United States District Judge Nicholas Garaufis has denied a press request to release the names of the 12 jurors who found Keith Raniere guilty of all charges.

The court took extreme measures to protect these jurors during trial. They were shuttled to and from court by United States Marshals; lunch was provided daily so they didn't need to leave the building; and they were told they could share their first names only with fellow jurors, if they wanted. All others referred to them by juror number. Court artists were told not to draw their faces.

In denying the request, Judge Garaufis says the trial included "highly sensitive evidence," including child pornography and graphic sexual testimony.

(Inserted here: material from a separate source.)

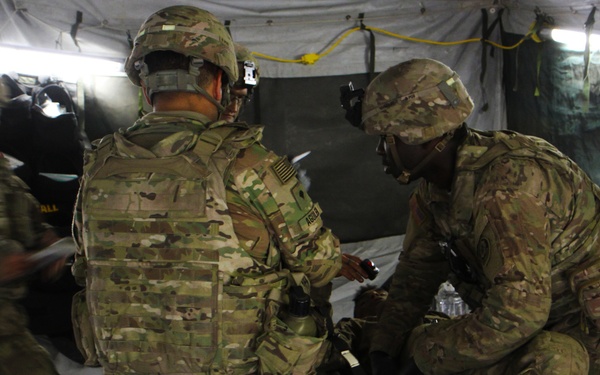 Medical evacuation training at Saber Strike 18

We've heard how some members were forced to hand over damaging collateral, including things like naked photographs, in order to become members of the secretive group DOS. Those members were threatened that if they left the group, the collateral would be released. That's also the group where some members were branded.

The government had also pointed out that a former NXIVM member had their collateral released and published by Mexican media during the trial.

In his decision, the judge said having that material published during the trial shows NXIVM and "Raniere's alleged criminal enterprise may continue to exist notwithstanding his incarceration," explaining jurors could be put at risk if their names are released.

Judge Garaufis also notes the trial "suggested that Raniere's associates would go to great lengths to antagonize his perceived enemies."

The government agreed with the judge's decision not to release the names, while Raniere's representatives took no stance.

Press organizations that filed to release the names include the Daily News, the New York Times Company, and Newsday.